TASK DESCRIPTION
Begin the copy at the line containing "Used 2023 Jeep Wrangler Sahara image 11" and end it at the final line of the material below, reproducing each line exactly, without images.

DATA EXTRACT
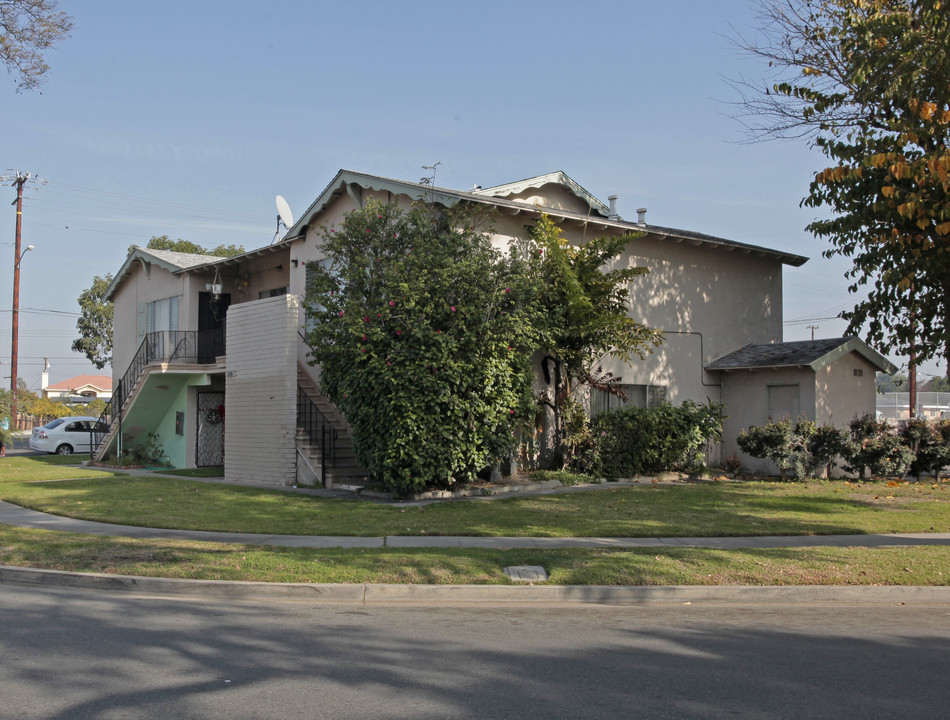 Villa Verde Apartments in Garden Grove, CA - Building Photo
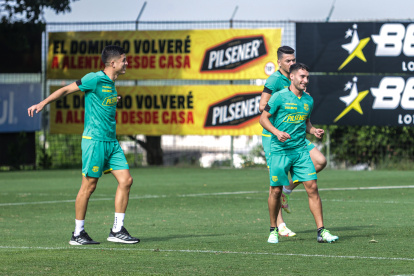 Emmanuel Martínez (d) volvió a las practicas del conjunto canario.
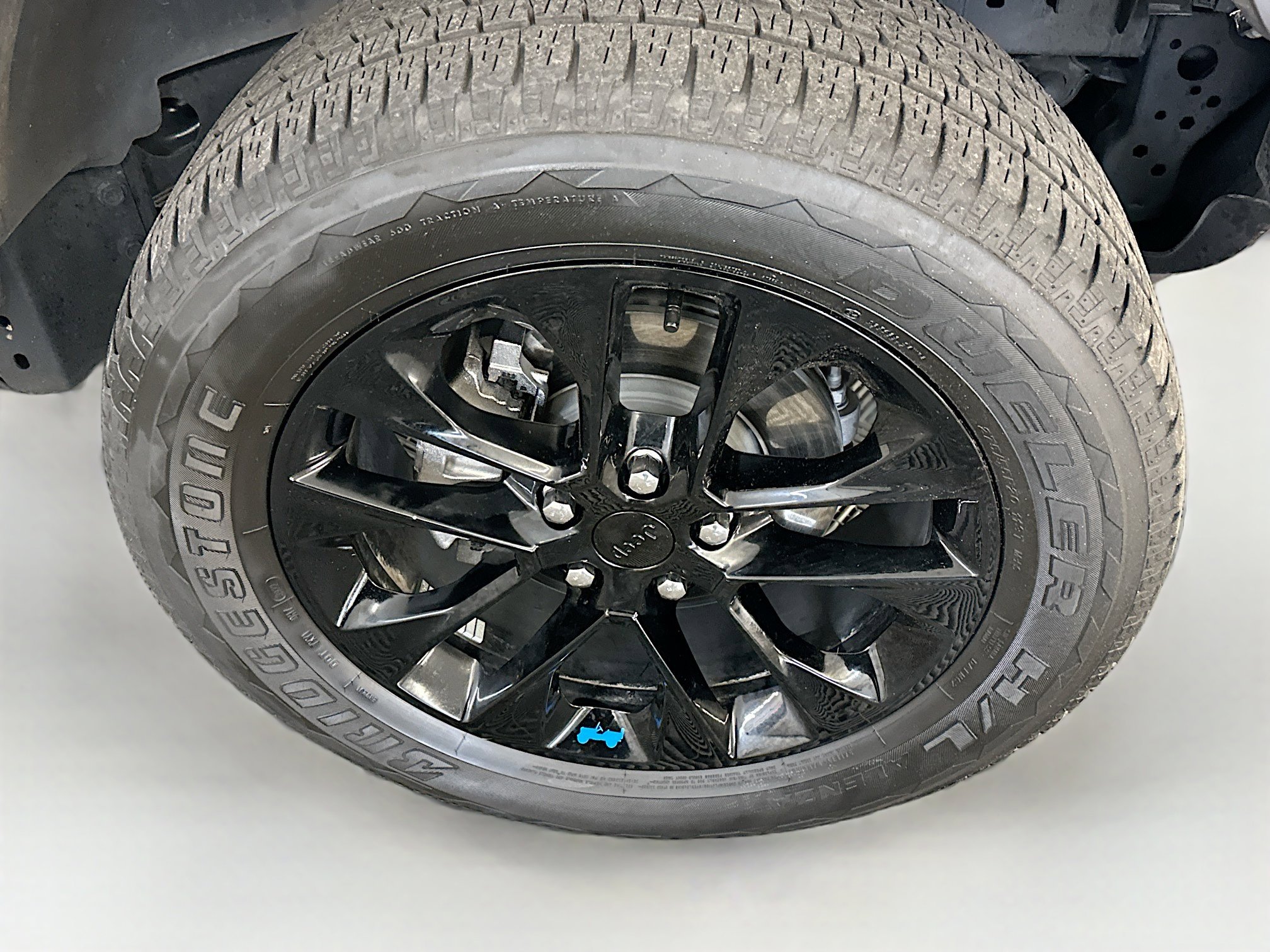 Used 2023 Jeep Wrangler Sahara image 11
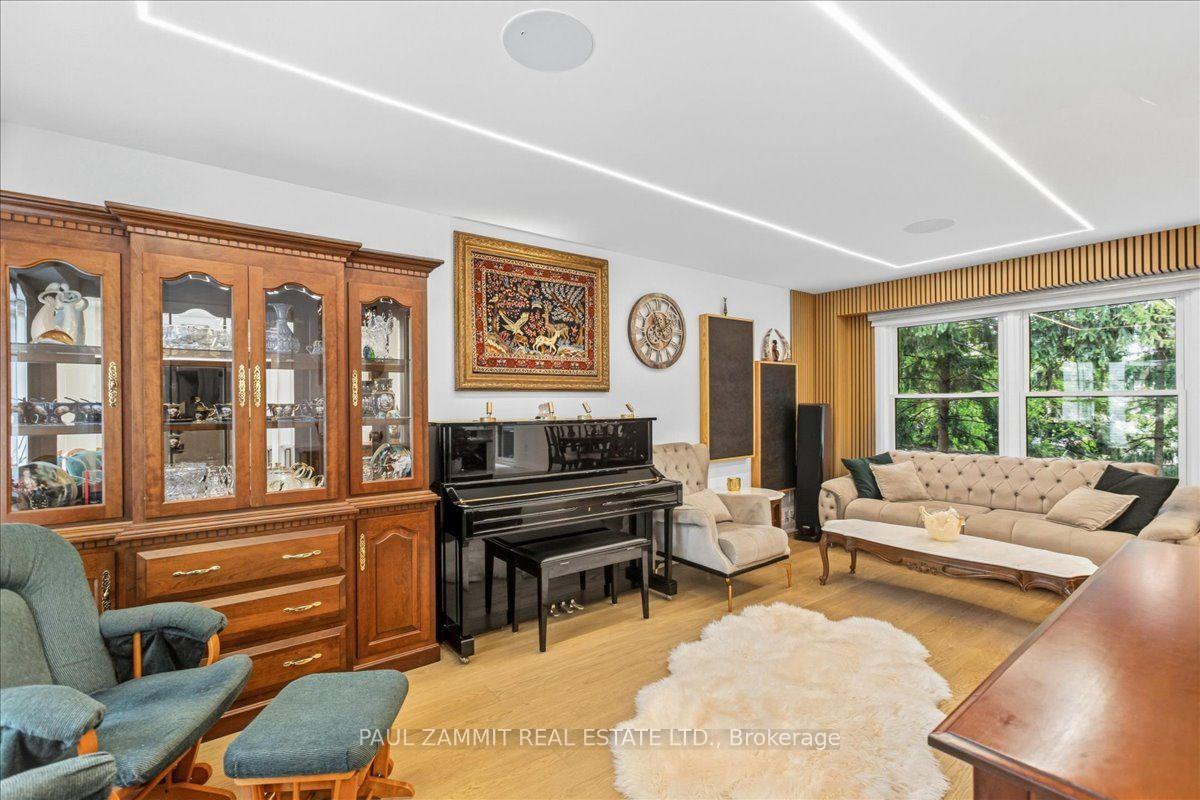 Photo 13 of 16 Pine Knoll Gate, Markham, Bayview Fairway-Bayview Country Club Estates — HOMEH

FINISHED EXERCISE
 Used 2023 Jeep Wrangler Sahara image 11
 Photo 13 of 16 Pine Knoll Gate, Markham, Bayview Fairway-Bayview Country Club Estates — HOMEH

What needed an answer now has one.